Non-customers of Medibank who were drawn to discounted programs advertised by their employer as a workplace benefit are now having to secure their emails, password and other details after they were stolen by a hacker.

Emails seen by The Australian show those who enquired about policies with Medibank have had their first name and surname, gender, date of birth, email, address, phone number and visa subclass, start date and expiry date should they have been an overseas worker, exposed.

“Hi, we’re writing to you as you had previously obtained a quote from Medibank. We’re deeply sorry to inform you that we believe some data you provided for the quote has been stolen and released on the dark web, as a result of the recent cybercrime,” read Medibank’s email to customers.

Of the 9.7m people caught in the Medibank breach, 4 million were active customers at the time of the breach.

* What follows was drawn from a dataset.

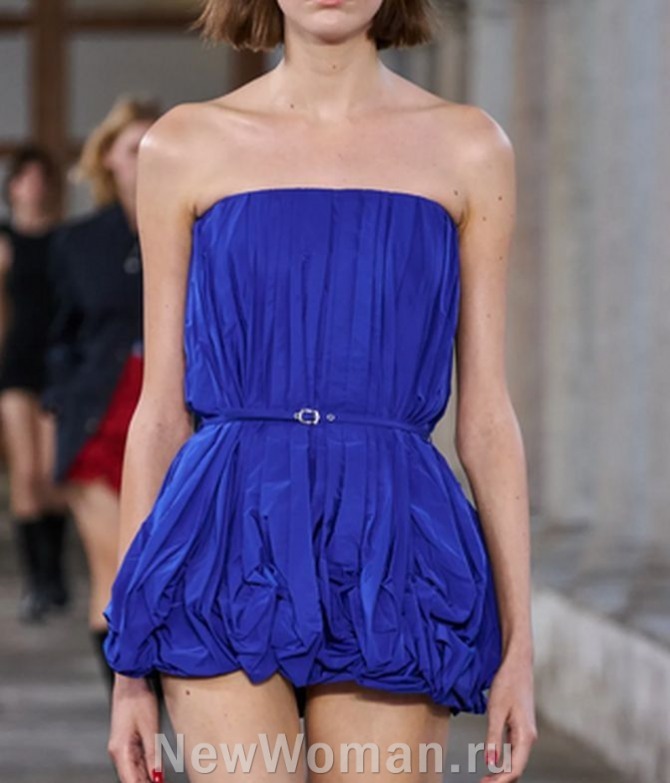 мини-платье для девушки из вискозы с буфами на подоле с градиентом фиолетово-голубого цвета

Others included legacy customers, AHM customers and non-customers who had requested quotes.

“We sincerely apologise to all customers who have been impacted by the cybercrime. We have a Cyber Response Support Package available for all customers, including people who received a quote, which includes mental health, identity protection and financial hardship measures,” a Medibank spokeswoman told The Australian.

The intrusive race for companies to collect as much data as possible is increasingly putting people at risk of cyber breaches, and in many cases is happening beyond their knowledge, said Macquarie University security studies and criminology associate professor Jeffrey Foster.

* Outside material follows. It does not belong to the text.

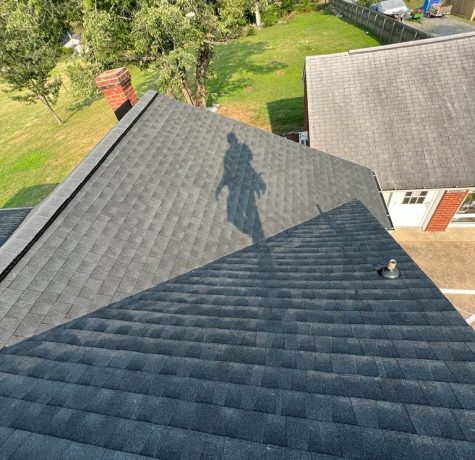 Roof valley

“When we look across these kinds of data, you can see why companies want this, even if you’re not a customer. They want that personal information and your contact to help them make you a customer later on,” he said.

“It makes it difficult for a company to intentionally remove this data when it adds financial value to them and is not regulated”.

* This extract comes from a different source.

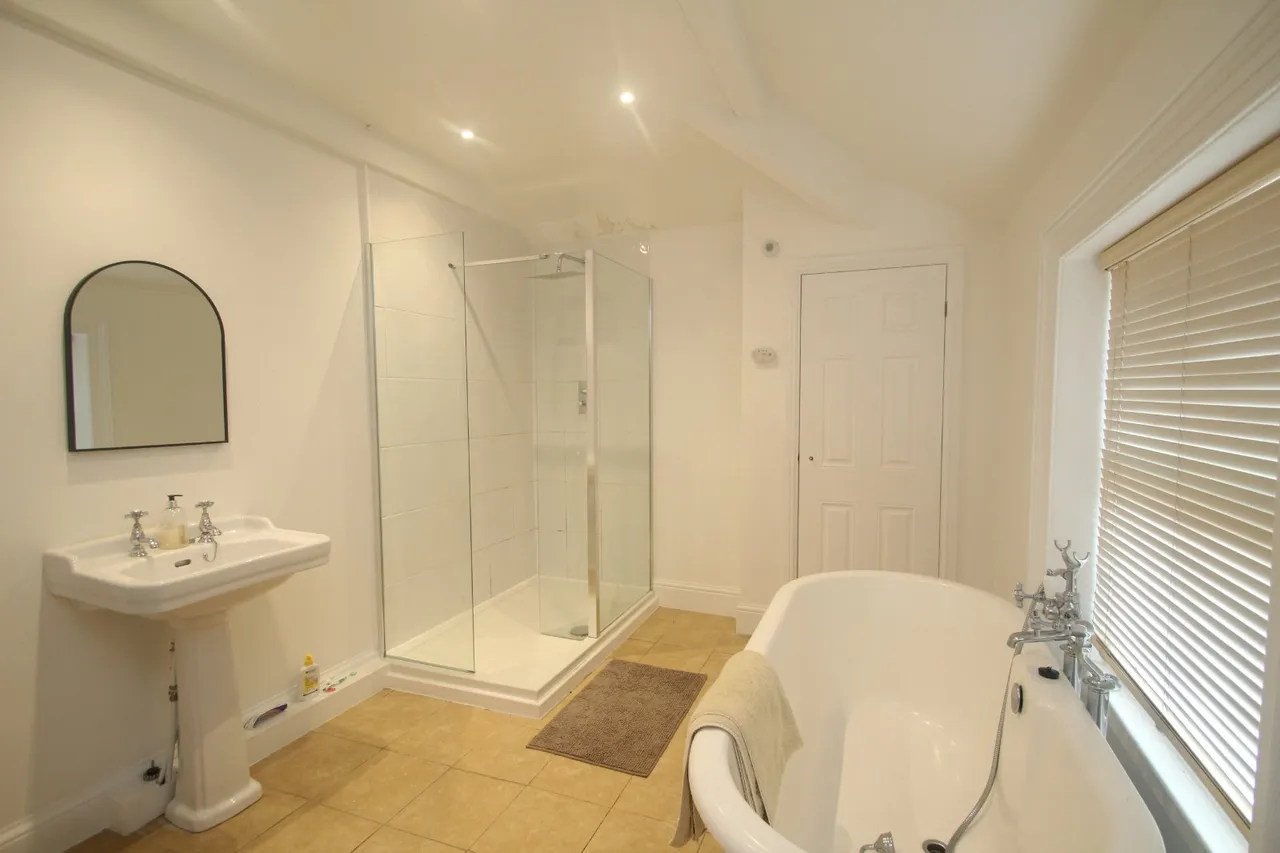 East Parade, Harrogate, HG1, photo 5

Most people who had inquired about private health insurance with Medibank would have been largely unaware the company had stored their data and that their personal information could have been breached, he said.

“Of course, there will have been a tick box they ticked somewhere that said, ‘I have read and agree to the terms of this agreement’. The biggest lie ever told is that particular line … nobody reads it.”

The news of non-customers being caught up in the Medibank breach should alert the broader public to the dangers of what almost companies are doing with consumer data, Mr Foster said.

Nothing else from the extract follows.